Stress at work could impact employees health just as secondhand smoking does, a new study suggests.
A joint research involving scientists from Stanford University and the Harvard Business School reviewed a large body of scientific literature on the matter, as well as previous studies and concluded that stress at work is as dangerous to our health as secondhand smoking.
While an increasing number of employers are keeping up with the latest trends in healthy lifestyle choices and involving their employees in programs designed specifically to address these issues, stress stemming both from the employees’ personal and professional lives is often overlooked. This may result in an overturn of any beneficial effects the aforementioned programs could have on the health of people who are employed.
The research is meant to draw attention on managerial practices and their effect on the health of employees, while shifting attention from employee behavior. A total of 228 previous studies were included in the meta-analysis conducted by the joint research team.
Overall, 10 stressors present in the workplace were emphasized, as well as their effect on morbidity, mortality, mental health and physical health. All of the studies had included over 1,000 participants and over half had followed the participants for a prolonged period of time.
The list of stressors present in the workplace included low organizational control, a prolonged working schedule, the lack of health insurance, job demands that are too high, job insecurity, as well as the conflict between family life and work.

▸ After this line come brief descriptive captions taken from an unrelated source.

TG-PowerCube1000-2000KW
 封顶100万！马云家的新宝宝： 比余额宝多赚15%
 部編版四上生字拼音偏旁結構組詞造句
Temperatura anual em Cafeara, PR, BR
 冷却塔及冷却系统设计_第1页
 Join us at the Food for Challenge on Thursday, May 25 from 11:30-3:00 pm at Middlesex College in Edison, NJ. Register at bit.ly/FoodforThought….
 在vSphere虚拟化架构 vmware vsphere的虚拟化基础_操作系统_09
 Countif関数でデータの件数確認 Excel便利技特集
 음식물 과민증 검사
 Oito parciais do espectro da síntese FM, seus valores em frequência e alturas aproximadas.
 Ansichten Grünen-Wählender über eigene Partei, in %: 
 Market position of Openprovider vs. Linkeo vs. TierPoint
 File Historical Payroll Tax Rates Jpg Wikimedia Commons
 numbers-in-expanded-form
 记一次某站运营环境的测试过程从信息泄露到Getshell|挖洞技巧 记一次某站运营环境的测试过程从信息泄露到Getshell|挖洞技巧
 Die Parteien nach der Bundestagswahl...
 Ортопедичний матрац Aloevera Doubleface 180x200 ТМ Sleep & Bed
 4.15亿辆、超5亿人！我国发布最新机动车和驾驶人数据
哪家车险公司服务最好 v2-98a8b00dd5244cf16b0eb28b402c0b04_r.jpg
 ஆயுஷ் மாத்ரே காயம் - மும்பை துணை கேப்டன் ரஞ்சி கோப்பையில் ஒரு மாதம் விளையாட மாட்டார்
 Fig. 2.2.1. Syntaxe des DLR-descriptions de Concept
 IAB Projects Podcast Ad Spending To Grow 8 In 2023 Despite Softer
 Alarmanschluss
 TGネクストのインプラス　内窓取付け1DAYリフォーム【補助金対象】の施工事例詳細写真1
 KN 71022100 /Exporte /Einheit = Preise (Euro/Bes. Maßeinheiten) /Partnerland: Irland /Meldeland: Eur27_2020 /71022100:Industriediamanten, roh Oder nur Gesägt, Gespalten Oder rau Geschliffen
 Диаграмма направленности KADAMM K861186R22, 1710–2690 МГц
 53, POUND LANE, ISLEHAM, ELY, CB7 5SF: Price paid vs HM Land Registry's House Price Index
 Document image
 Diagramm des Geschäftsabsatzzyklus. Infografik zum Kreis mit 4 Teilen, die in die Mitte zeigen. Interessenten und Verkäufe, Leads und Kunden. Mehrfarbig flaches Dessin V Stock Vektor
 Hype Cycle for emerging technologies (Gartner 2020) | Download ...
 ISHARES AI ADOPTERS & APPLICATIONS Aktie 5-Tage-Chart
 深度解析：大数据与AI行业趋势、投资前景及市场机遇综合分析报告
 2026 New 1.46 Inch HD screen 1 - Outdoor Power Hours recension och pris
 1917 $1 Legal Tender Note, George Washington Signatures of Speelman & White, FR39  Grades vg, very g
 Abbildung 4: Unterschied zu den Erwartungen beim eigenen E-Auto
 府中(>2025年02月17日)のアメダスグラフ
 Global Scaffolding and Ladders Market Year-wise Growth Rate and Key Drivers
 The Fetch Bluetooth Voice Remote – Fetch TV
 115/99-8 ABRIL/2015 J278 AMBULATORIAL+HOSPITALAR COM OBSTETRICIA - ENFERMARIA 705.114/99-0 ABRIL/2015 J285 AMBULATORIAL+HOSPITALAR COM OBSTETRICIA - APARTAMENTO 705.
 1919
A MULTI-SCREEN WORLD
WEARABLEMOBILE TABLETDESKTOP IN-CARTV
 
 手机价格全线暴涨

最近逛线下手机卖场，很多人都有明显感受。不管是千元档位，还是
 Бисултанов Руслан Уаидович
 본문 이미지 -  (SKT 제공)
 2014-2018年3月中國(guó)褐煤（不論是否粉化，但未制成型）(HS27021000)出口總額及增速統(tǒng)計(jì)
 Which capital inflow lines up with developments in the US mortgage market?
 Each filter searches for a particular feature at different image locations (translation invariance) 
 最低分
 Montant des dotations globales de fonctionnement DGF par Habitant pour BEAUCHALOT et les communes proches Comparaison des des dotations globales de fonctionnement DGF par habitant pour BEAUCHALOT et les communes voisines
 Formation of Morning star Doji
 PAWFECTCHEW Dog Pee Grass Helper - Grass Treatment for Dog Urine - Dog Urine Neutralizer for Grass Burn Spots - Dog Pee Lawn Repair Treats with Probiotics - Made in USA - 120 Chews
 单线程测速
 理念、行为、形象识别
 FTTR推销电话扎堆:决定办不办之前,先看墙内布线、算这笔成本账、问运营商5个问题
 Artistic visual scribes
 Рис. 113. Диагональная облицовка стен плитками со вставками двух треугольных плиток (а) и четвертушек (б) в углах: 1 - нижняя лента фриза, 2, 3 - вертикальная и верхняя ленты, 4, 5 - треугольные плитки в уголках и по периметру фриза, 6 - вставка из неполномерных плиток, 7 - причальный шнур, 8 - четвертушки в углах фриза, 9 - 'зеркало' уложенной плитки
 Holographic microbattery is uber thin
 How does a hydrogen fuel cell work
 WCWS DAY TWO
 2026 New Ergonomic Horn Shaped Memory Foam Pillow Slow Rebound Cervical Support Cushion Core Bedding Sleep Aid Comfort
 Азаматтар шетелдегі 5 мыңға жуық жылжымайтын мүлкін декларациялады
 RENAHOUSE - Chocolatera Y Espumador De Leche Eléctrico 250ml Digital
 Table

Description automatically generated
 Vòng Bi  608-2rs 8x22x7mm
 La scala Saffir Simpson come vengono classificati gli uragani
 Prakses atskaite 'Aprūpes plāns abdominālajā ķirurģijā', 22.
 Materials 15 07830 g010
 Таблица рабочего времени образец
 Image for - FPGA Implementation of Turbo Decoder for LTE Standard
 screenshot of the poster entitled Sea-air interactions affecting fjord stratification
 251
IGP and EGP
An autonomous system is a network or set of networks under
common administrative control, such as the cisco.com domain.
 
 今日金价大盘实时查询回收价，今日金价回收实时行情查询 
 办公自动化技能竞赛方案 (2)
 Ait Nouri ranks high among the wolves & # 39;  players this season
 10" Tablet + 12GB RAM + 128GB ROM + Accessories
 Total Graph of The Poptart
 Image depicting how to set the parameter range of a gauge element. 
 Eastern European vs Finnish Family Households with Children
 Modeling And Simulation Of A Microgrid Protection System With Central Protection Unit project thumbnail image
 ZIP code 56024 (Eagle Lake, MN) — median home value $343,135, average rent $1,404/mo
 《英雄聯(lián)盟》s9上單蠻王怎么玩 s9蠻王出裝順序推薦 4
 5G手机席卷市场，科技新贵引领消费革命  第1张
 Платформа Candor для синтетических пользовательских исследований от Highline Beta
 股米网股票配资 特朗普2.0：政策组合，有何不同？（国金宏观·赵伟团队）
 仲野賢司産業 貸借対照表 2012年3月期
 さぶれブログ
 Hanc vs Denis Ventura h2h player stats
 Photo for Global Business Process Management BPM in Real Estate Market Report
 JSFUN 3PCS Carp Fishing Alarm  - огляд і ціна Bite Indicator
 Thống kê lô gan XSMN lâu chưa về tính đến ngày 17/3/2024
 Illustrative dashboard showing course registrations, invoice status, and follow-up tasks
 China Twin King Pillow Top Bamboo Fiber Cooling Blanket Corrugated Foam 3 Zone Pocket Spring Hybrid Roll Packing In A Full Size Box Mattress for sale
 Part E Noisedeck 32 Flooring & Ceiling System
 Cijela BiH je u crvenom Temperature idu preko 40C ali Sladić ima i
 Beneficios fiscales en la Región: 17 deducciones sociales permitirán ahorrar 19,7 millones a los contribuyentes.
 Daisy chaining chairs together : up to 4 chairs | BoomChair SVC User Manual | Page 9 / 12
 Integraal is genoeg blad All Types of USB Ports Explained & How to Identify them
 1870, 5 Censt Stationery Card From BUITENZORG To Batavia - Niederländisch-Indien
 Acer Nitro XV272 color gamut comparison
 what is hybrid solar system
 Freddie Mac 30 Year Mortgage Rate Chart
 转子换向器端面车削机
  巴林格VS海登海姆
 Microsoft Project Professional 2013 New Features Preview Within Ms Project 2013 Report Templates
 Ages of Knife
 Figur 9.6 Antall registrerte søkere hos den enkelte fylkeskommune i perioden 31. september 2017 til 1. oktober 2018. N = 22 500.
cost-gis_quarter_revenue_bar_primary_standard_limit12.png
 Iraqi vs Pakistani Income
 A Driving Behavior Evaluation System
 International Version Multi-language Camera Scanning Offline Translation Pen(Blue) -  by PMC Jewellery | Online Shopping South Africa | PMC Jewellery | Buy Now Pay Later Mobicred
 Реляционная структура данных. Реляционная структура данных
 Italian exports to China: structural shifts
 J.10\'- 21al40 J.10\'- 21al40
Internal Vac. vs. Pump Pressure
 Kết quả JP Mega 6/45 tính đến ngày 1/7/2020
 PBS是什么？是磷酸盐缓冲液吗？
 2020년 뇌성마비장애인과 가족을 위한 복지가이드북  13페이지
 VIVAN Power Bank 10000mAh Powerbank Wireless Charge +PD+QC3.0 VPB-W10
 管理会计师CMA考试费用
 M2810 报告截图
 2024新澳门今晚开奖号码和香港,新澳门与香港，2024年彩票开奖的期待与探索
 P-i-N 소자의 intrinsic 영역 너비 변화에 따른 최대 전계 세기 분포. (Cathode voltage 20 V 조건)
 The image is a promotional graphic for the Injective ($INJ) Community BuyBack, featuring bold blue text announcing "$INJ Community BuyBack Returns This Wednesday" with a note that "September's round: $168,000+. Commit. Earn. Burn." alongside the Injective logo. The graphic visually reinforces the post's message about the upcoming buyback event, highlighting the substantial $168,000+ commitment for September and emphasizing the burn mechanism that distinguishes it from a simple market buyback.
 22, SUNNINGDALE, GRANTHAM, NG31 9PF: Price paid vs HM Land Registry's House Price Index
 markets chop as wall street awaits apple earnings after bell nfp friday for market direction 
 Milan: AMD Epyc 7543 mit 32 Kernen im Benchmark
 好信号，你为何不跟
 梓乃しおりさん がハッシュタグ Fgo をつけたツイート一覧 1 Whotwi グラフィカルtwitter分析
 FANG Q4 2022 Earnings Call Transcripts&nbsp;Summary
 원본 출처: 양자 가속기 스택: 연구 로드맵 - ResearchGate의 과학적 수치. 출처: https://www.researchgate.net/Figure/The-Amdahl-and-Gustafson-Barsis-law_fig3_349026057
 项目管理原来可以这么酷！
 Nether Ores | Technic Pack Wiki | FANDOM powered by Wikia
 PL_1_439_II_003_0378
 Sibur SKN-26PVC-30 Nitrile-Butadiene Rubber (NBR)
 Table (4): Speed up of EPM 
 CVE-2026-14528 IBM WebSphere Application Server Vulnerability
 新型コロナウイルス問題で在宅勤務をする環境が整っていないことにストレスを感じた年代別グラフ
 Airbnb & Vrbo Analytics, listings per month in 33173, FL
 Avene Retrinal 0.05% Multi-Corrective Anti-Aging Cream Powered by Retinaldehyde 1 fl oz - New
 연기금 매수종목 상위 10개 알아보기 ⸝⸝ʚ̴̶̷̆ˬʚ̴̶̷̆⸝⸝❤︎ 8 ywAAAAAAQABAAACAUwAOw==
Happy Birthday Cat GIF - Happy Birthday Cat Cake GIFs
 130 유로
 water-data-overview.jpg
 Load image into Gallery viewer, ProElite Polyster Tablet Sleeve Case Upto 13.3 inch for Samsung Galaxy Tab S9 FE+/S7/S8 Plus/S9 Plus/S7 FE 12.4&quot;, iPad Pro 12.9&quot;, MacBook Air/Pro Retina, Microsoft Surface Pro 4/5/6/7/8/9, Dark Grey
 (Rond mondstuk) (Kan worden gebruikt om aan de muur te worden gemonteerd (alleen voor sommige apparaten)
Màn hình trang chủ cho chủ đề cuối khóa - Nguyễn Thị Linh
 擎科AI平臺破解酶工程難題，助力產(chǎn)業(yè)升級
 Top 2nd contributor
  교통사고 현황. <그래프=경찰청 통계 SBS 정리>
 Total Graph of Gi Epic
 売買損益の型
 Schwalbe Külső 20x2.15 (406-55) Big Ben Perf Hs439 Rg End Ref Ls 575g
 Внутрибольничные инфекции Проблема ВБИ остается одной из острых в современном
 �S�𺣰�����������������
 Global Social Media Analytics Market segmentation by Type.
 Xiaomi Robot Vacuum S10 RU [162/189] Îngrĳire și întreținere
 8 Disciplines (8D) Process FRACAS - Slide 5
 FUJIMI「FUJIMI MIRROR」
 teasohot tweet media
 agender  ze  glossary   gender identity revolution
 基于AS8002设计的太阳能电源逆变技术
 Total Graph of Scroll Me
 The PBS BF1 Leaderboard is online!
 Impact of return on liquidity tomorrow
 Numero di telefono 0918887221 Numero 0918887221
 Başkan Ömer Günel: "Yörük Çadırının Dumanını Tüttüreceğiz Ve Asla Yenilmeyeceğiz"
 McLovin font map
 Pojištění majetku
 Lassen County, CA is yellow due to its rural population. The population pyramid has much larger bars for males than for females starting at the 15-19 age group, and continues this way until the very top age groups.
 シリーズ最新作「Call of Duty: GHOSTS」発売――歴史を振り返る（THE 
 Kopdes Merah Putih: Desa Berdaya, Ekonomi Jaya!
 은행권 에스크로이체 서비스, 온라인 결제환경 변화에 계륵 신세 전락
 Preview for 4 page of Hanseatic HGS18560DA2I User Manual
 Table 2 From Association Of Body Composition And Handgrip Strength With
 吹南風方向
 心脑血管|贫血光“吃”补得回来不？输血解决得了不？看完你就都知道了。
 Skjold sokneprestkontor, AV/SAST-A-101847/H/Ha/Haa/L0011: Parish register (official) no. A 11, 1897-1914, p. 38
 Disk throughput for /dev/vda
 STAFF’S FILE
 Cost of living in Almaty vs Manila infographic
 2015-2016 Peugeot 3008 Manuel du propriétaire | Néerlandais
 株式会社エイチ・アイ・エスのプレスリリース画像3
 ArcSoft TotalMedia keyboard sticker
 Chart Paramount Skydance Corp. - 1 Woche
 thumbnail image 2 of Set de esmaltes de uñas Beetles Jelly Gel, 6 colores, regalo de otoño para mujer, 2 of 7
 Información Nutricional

The researchers concluded that one of the highest ranking stress factors related to the workplace is job insecurity. When employees had this at the back of their minds, the chances that they would soon report poor health conditions spiked by approximately 50 percent.
Too much time spend at work or long working hours and overtime were found to increase mortality by 20 percent. High job demands had an effect on morbidity, with a calculated increase of 35 percent more chances to be diagnosed with a severe illness.
As for secondhand smoking, the research team equated the effects it may have on health with those on mental health as well. Statistically, the effects on overall health are very similar. At the same time, second hand smoking proved as detrimental to the health of employees as stress present in the workplace.